◆ Brief: Each record here should be printed again exactly; please leave its pictures out.

◆ Recorded data:
+--

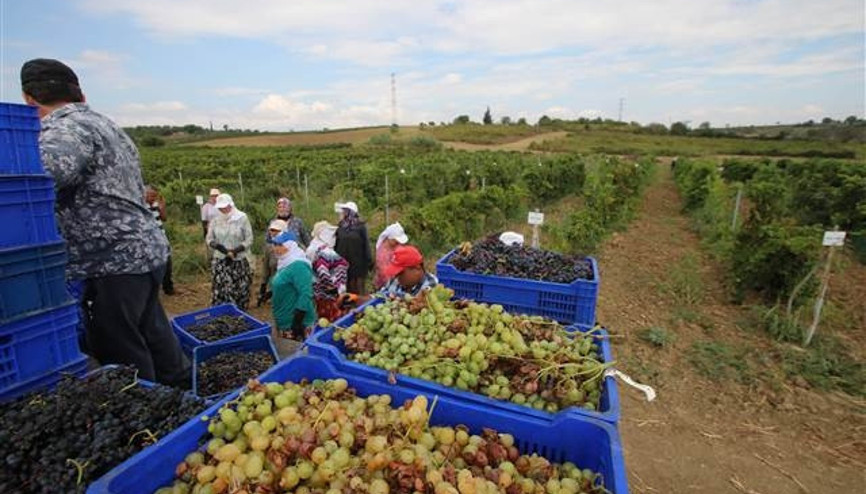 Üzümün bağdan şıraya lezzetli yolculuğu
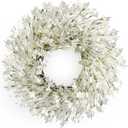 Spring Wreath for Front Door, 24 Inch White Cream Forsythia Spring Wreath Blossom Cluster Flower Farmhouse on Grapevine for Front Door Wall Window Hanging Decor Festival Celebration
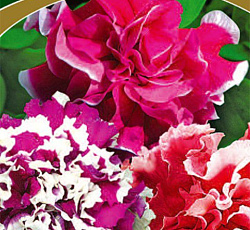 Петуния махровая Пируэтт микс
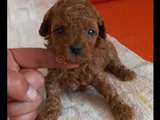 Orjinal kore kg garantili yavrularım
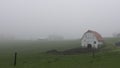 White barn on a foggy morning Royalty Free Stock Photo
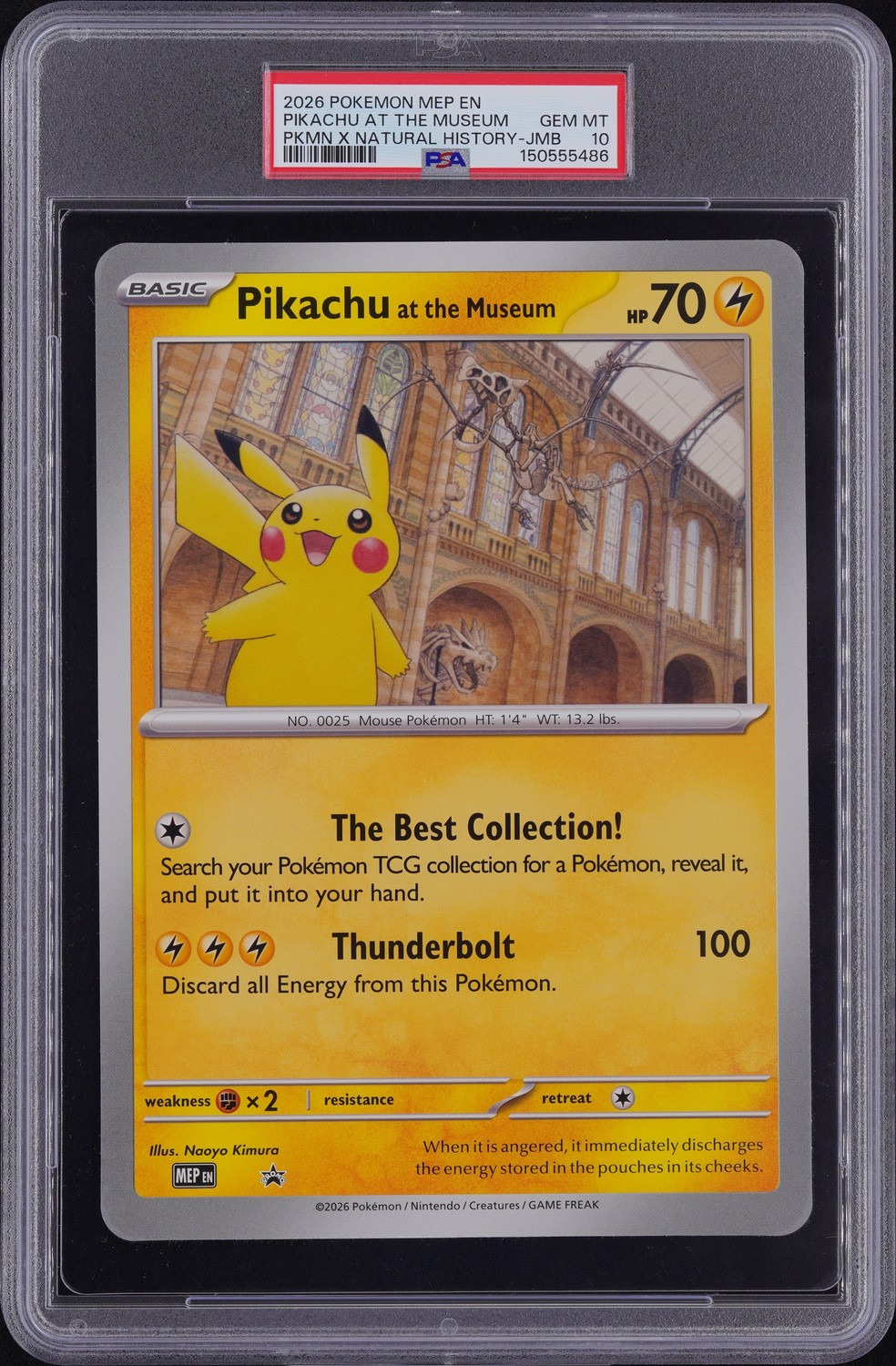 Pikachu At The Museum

+--

◆ Answer box:
 Üzümün bağdan şıraya lezzetli yolculuğu
 Spring Wreath for Front Door, 24 Inch White Cream Forsythia Spring Wreath Blossom Cluster Flower Farmhouse on Grapevine for Front Door Wall Window Hanging Decor Festival Celebration
 Петуния махровая Пируэтт микс
 Orjinal kore kg garantili yavrularım
 White barn on a foggy morning Royalty Free Stock Photo
 Pikachu At The Museum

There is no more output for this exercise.